**Problem description:** Please repeat the whole listing exactly, but leave out any picture it holds.
*** Opening Data section ***
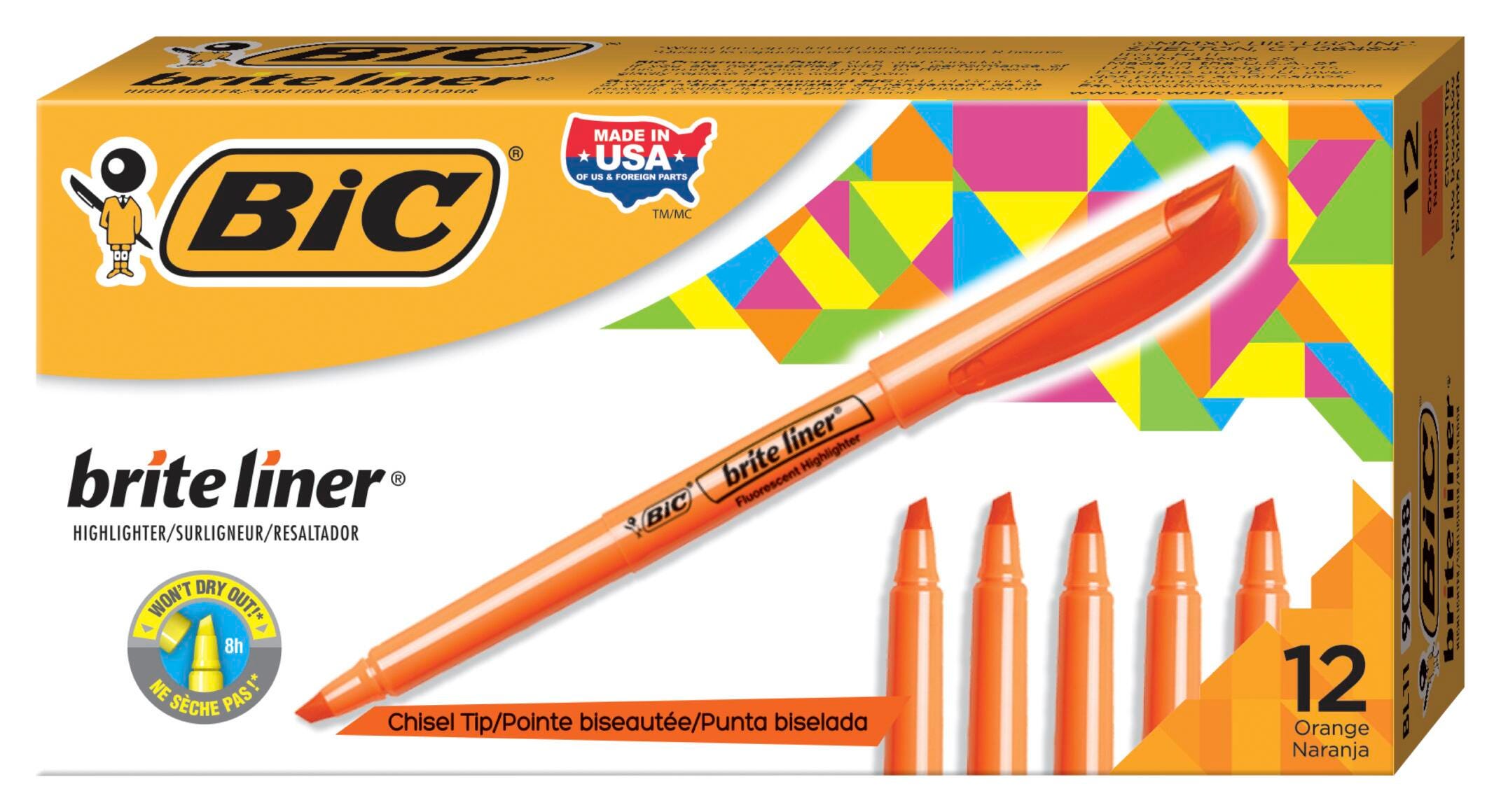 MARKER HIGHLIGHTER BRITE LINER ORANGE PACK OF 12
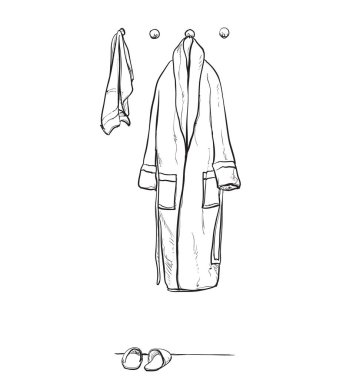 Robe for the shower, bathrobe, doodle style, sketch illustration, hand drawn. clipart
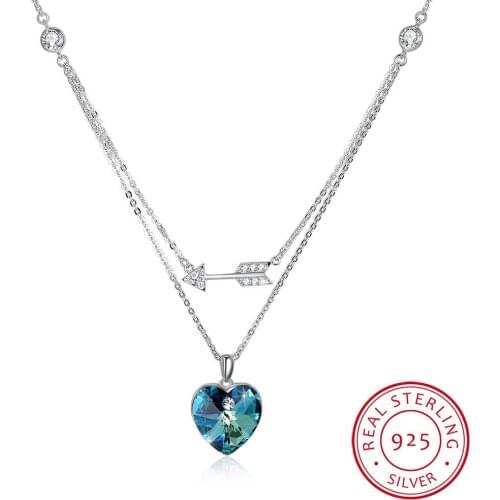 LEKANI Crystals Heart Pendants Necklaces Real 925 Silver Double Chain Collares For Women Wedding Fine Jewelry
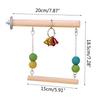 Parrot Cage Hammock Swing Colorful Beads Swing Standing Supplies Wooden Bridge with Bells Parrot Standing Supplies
*** Closing Data section ***
**Written solution:**
 MARKER HIGHLIGHTER BRITE LINER ORANGE PACK OF 12
 Robe for the shower, bathrobe, doodle style, sketch illustration, hand drawn. clipart
 LEKANI Crystals Heart Pendants Necklaces Real 925 Silver Double Chain Collares For Women Wedding Fine Jewelry
 Parrot Cage Hammock Swing Colorful Beads Swing Standing Supplies Wooden Bridge with Bells Parrot Standing Supplies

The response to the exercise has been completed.